Plus d’un mois après la publication du rapport Sauvé, l’Académie catholique de France émet des critiques sur le travail de la Ciase. Dans un texte de 15 pages révélé par La Croix, ses auteurs remettent en question le caractère "systémique" des abus sexuels dans l’Église et la responsabilité juridique de l'institution. Ils dénoncent aussi des "préjugés de nature idéologique".
"Je m’attendais à des attaques contre le rapport de la Ciase", mais pas forcément de la part de l’Académie catholique, a déclaré en quelque sorte Jean-Marc Sauvé dans La Croix. Ce que conteste l’Académie catholique de France c’est d’abord la méthode utilisée pour évaluer le nombre de victimes. Elle met en perspective le nombre de témoignages reçus (2.738), l’estimation de l’École pratique des hautes études (EPHE), qui parle d’environ 28.000 personnes et la démarche statistique de l’enquête d’opinion de l’Ifop, un sondage qui conclut à environ 330.000 victimes.
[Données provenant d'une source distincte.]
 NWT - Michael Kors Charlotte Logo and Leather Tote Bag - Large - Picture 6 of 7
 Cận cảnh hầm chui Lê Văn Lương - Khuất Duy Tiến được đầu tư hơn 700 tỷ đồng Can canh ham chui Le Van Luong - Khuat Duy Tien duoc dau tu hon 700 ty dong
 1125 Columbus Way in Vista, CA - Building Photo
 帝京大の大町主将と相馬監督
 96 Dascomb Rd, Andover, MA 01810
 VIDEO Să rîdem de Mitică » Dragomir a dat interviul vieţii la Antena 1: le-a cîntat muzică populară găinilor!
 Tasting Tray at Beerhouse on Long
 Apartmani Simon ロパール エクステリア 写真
"Nous nous interrogeons sur la question de savoir pourquoi, au total, ce rapport a mis sur les places publiques le chiffre de 330.000 et pas le chiffre de 28.000", explique l’un des auteurs du texte Philippe Capelle-Dumont, prêtre, philosophe et président d’honneur de l'Académie catholique de France. Selon lui, cette différence de chiffres "remet en cause" le caractère "systémique" des abus sexuels dans l’Église. Il ajoute : "Attention, les victimes restent des victimes, qu’elles soient 28.000 ou 330.000, le drame est total et il n’est pas question de faire de cette analyse un alibi qui relativiserait le drame." Rappelons que les évêques de France ont reconnu officiellement, le 5 novembre dernier, la "responsabilité institutionnelle" de l'Église dans les abus sexuels et leur "dimension systémique".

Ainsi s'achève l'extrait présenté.